Content starts

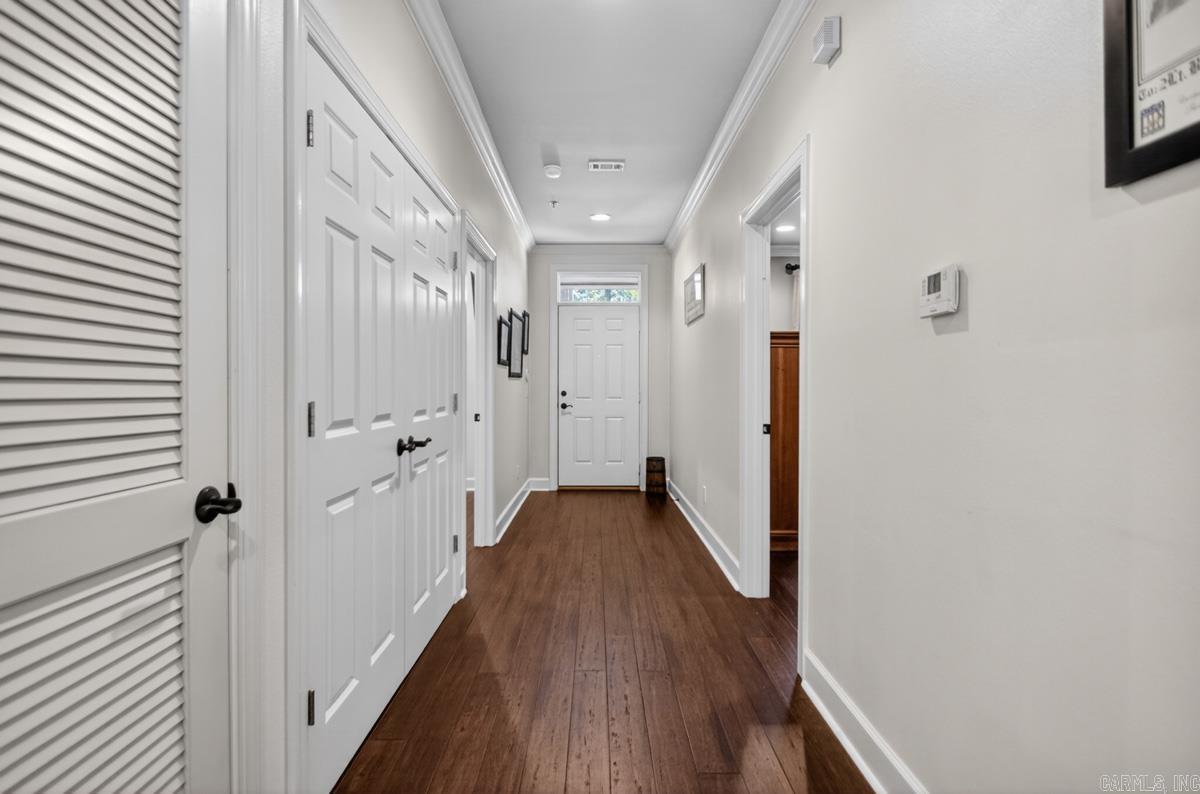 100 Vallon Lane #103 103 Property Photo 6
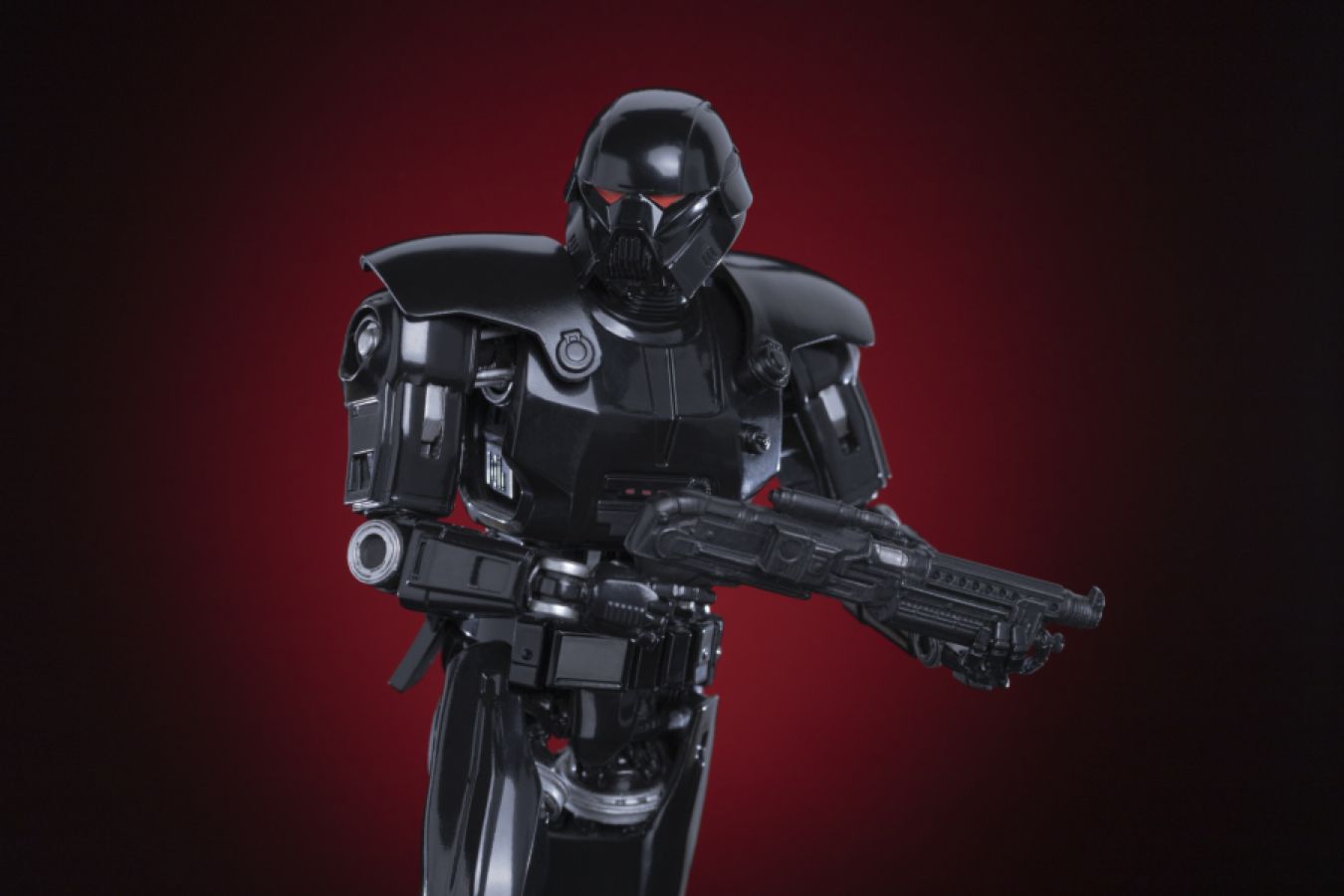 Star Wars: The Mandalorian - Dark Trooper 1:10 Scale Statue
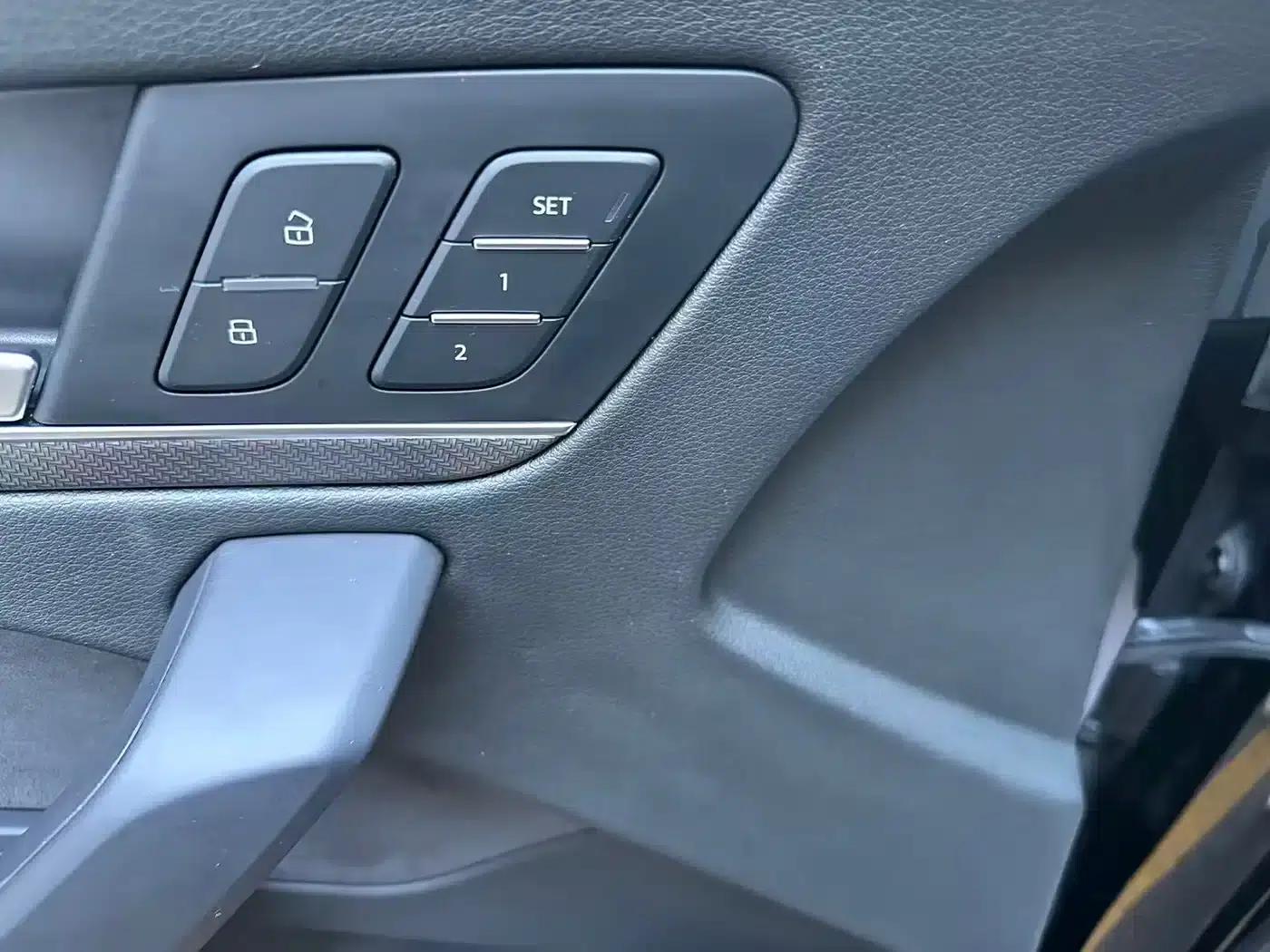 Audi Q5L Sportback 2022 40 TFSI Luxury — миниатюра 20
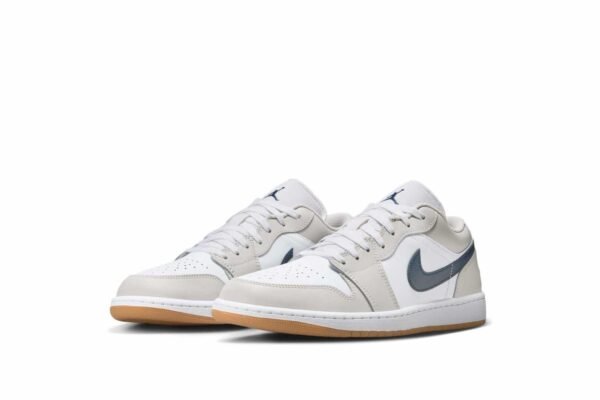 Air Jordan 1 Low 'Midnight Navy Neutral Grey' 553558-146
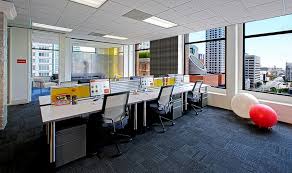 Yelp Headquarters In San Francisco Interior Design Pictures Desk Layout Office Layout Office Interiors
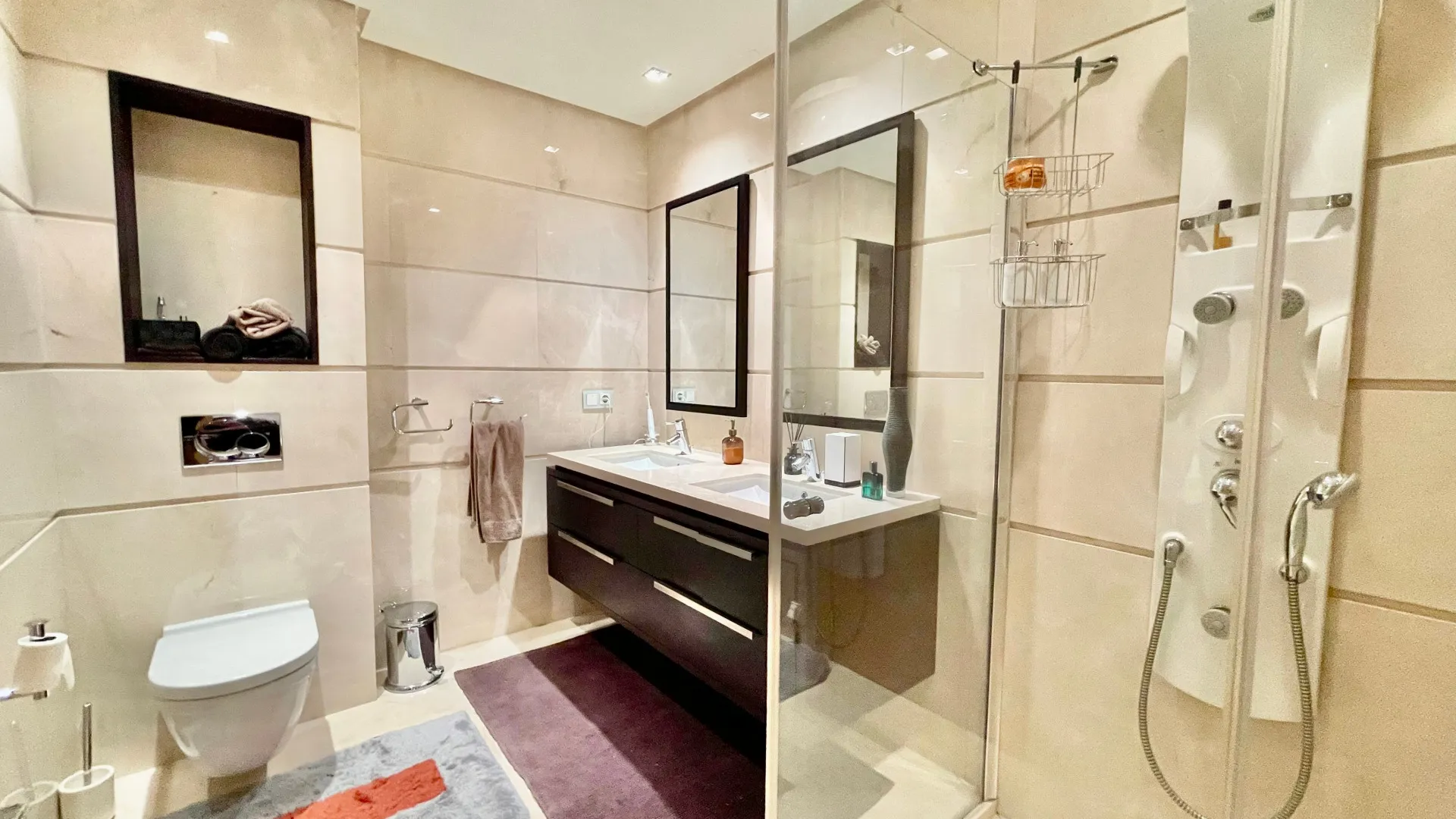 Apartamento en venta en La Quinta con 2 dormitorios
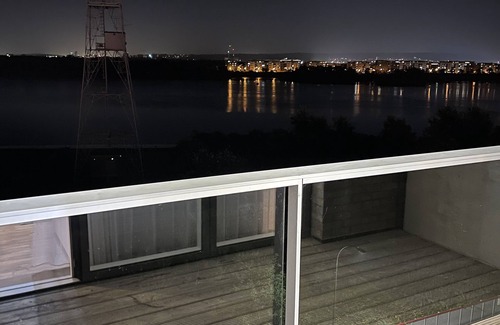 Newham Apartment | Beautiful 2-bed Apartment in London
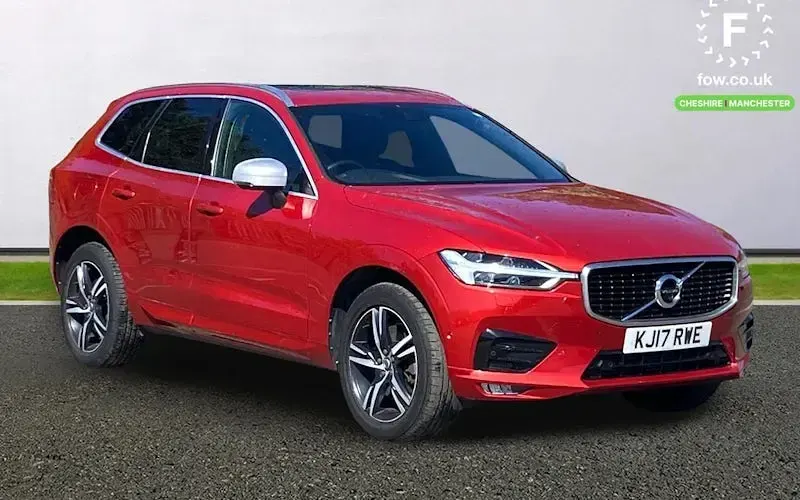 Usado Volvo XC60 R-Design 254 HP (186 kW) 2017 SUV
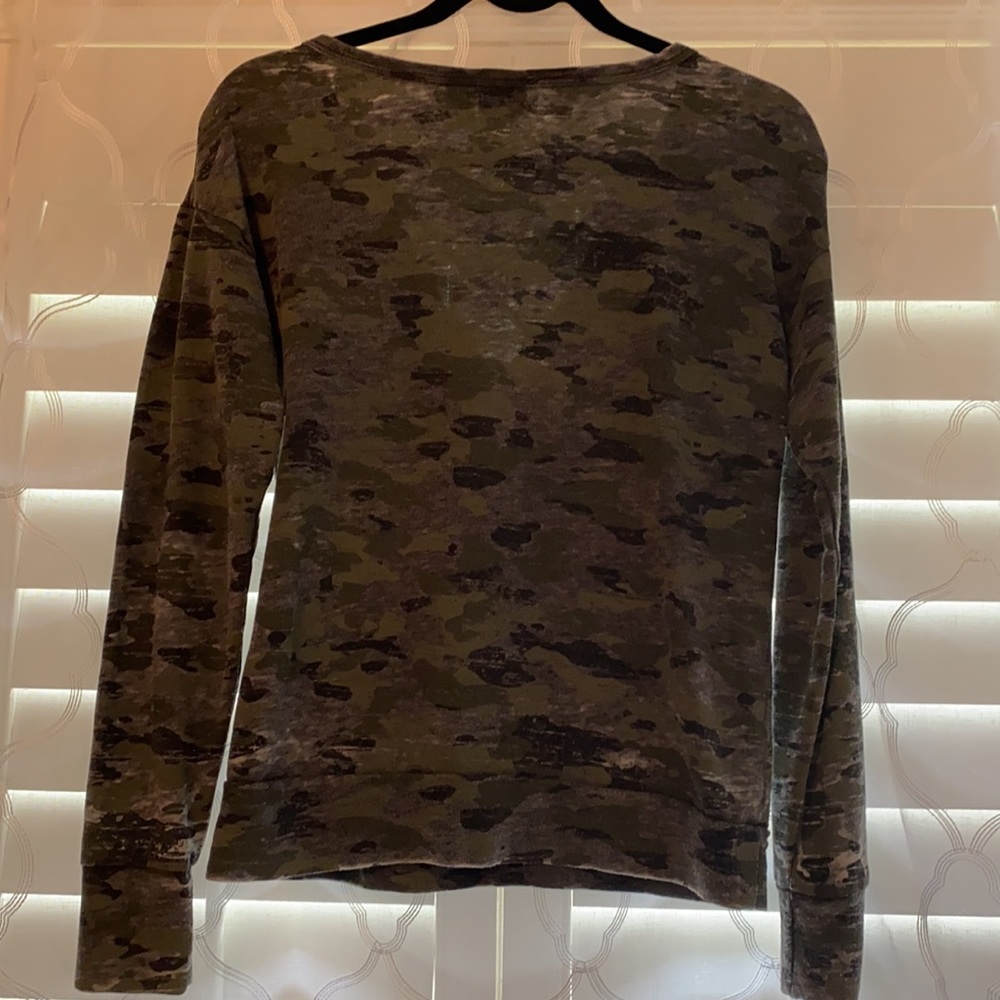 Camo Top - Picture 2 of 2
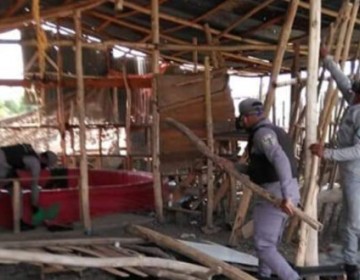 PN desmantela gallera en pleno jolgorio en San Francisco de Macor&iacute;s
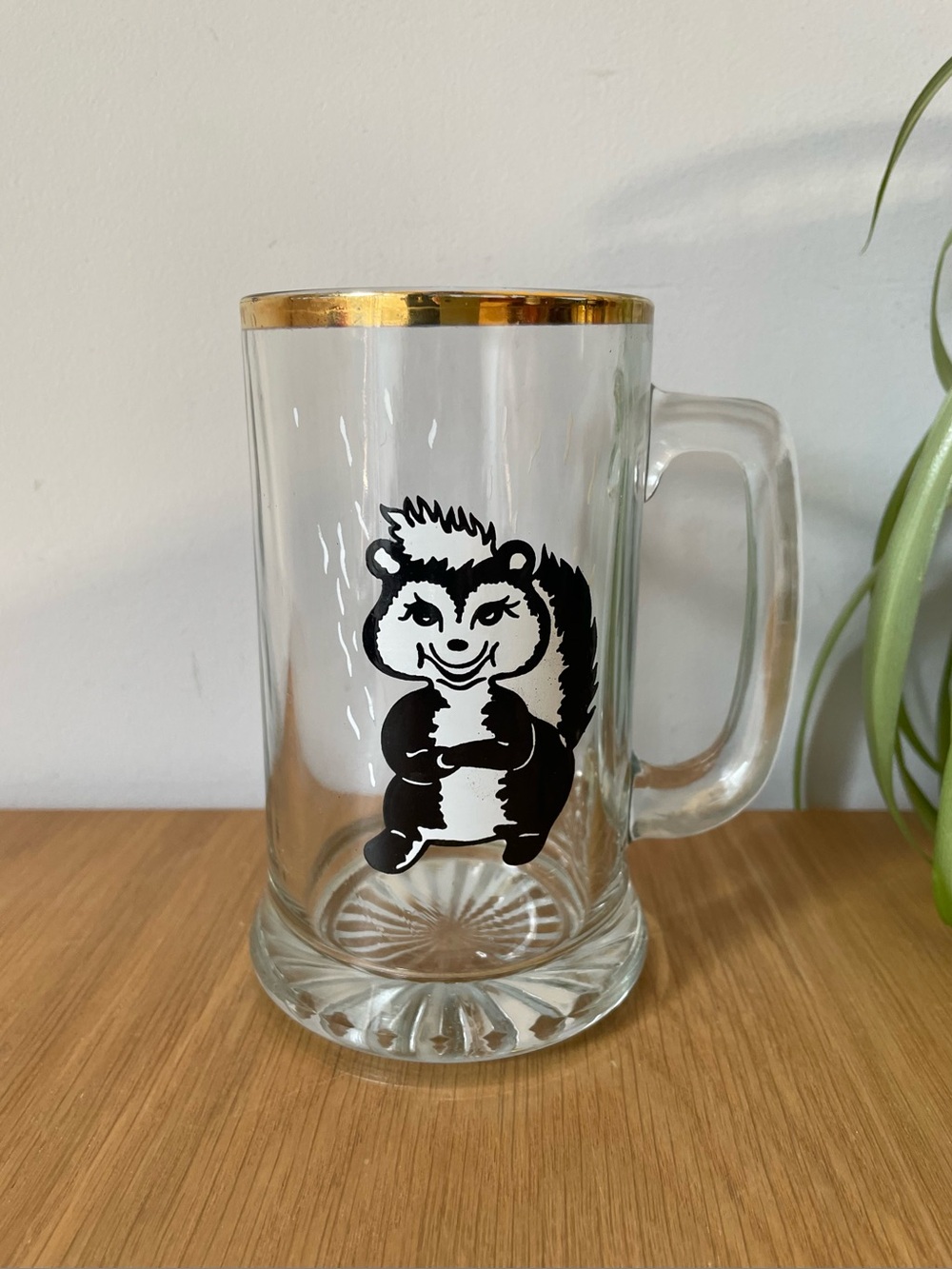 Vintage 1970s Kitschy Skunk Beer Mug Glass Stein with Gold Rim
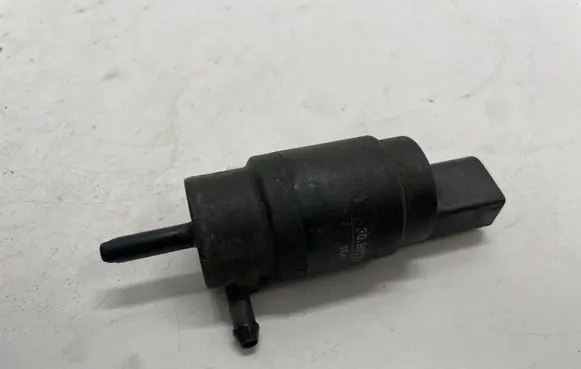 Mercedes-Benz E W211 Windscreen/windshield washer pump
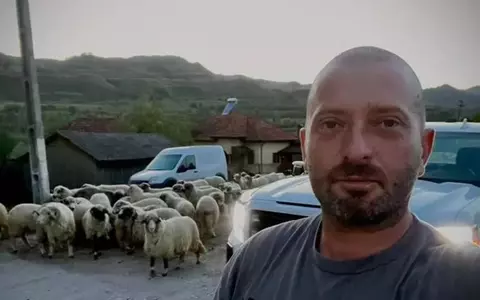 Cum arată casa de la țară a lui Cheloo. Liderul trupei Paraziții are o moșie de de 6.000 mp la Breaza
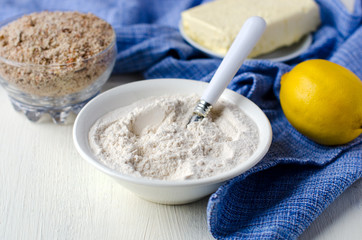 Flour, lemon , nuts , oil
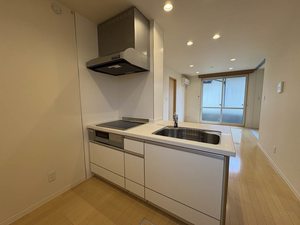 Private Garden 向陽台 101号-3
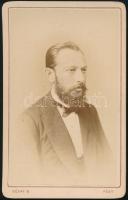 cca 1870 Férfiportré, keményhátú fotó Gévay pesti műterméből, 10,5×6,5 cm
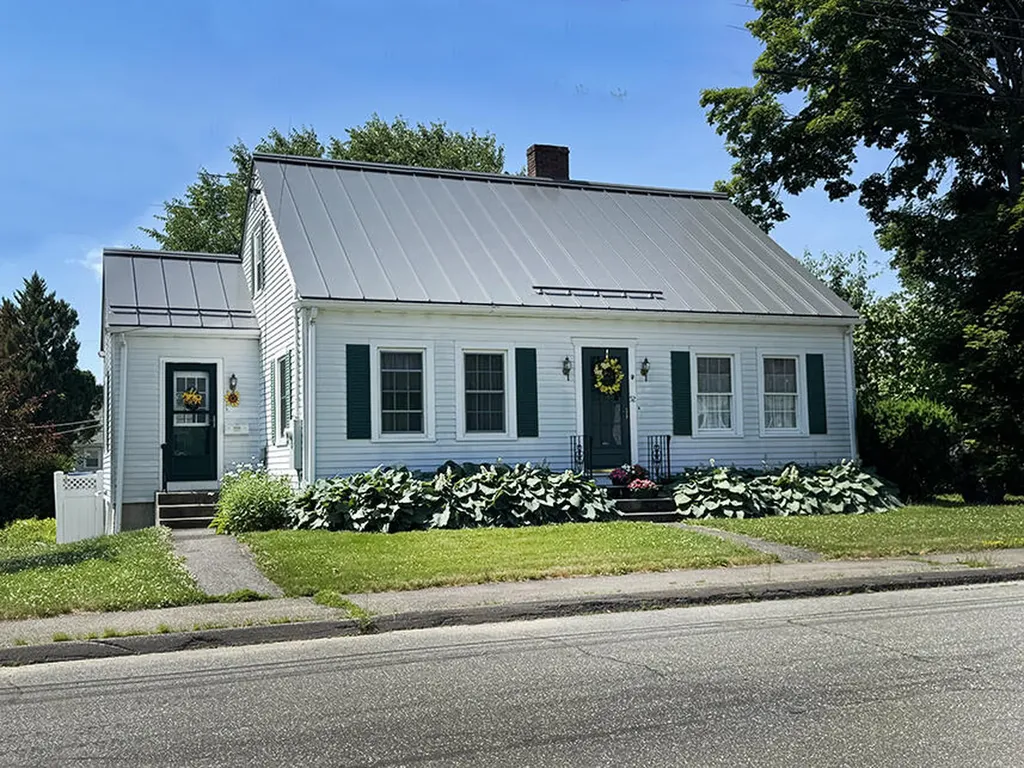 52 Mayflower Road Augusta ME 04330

Content ends

- AIM OF THE EXERCISE -
The records above must be printed exactly; the pictures stay out.

- ANSWER FOR THE TASK -
 100 Vallon Lane #103 103 Property Photo 6
 Star Wars: The Mandalorian - Dark Trooper 1:10 Scale Statue
 Audi Q5L Sportback 2022 40 TFSI Luxury — миниатюра 20
 Air Jordan 1 Low 'Midnight Navy Neutral Grey' 553558-146
 Yelp Headquarters In San Francisco Interior Design Pictures Desk Layout Office Layout Office Interiors
 Apartamento en venta en La Quinta con 2 dormitorios
 Newham Apartment | Beautiful 2-bed Apartment in London
 Usado Volvo XC60 R-Design 254 HP (186 kW) 2017 SUV
 Camo Top - Picture 2 of 2
 PN desmantela gallera en pleno jolgorio en San Francisco de Macor&iacute;s
 Vintage 1970s Kitschy Skunk Beer Mug Glass Stein with Gold Rim
 Mercedes-Benz E W211 Windscreen/windshield washer pump
 Cum arată casa de la țară a lui Cheloo. Liderul trupei Paraziții are o moșie de de 6.000 mp la Breaza
 Flour, lemon , nuts , oil
 Private Garden 向陽台 101号-3
 cca 1870 Férfiportré, keményhátú fotó Gévay pesti műterméből, 10,5×6,5 cm
 52 Mayflower Road Augusta ME 04330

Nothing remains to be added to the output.